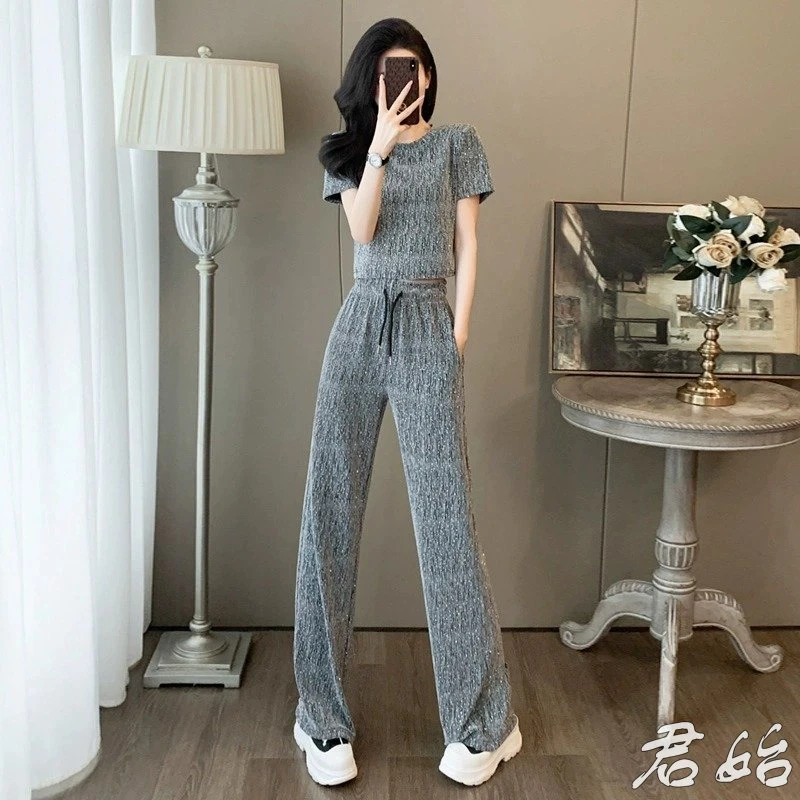 时尚百搭休闲运动套装女夏季洋气显瘦设计感露腰上衣阔腿裤两件套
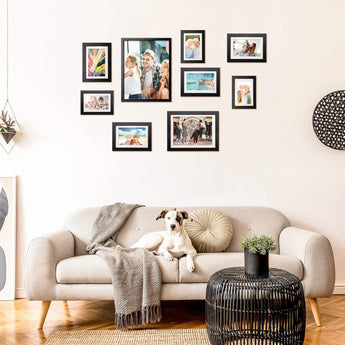 Gallery wall of custom picture frames above beige sofa with a dog in modern living room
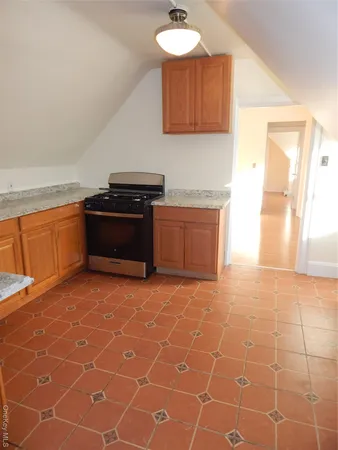 a kitchen with granite countertop a stove a sink a counter top space and cabinets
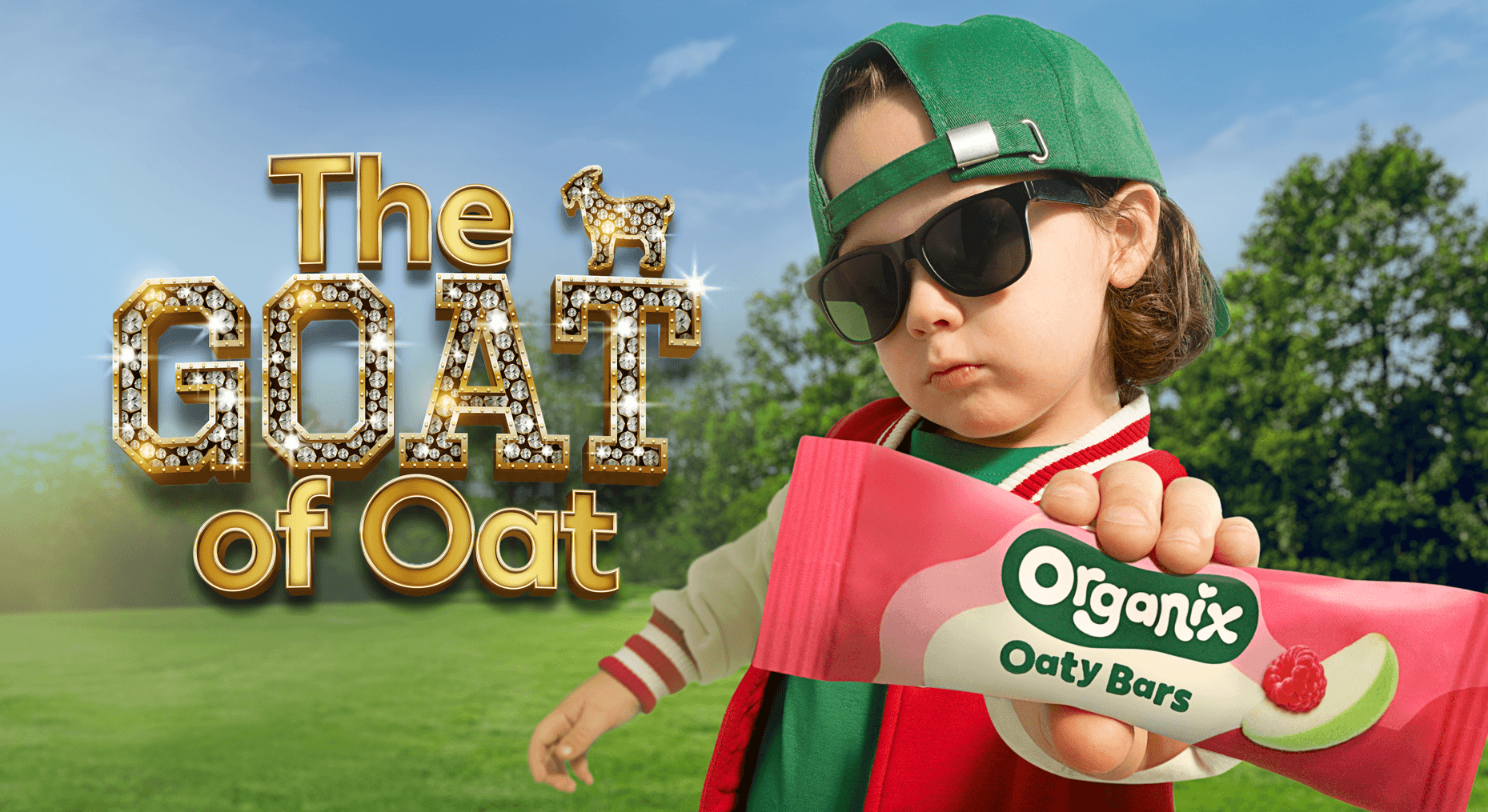 The goat of oat, toddler holding organix raspberry and apple oaty bar in backwards cap and sunglasses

Exercise prompt - Reproduce, with the pictures omitted, exactly those lines that run from the line with "Gallery wall of" to the last line of the material, both ends included.

Answer box -
 Gallery wall of custom picture frames above beige sofa with a dog in modern living room
 a kitchen with granite countertop a stove a sink a counter top space and cabinets
 The goat of oat, toddler holding organix raspberry and apple oaty bar in backwards cap and sunglasses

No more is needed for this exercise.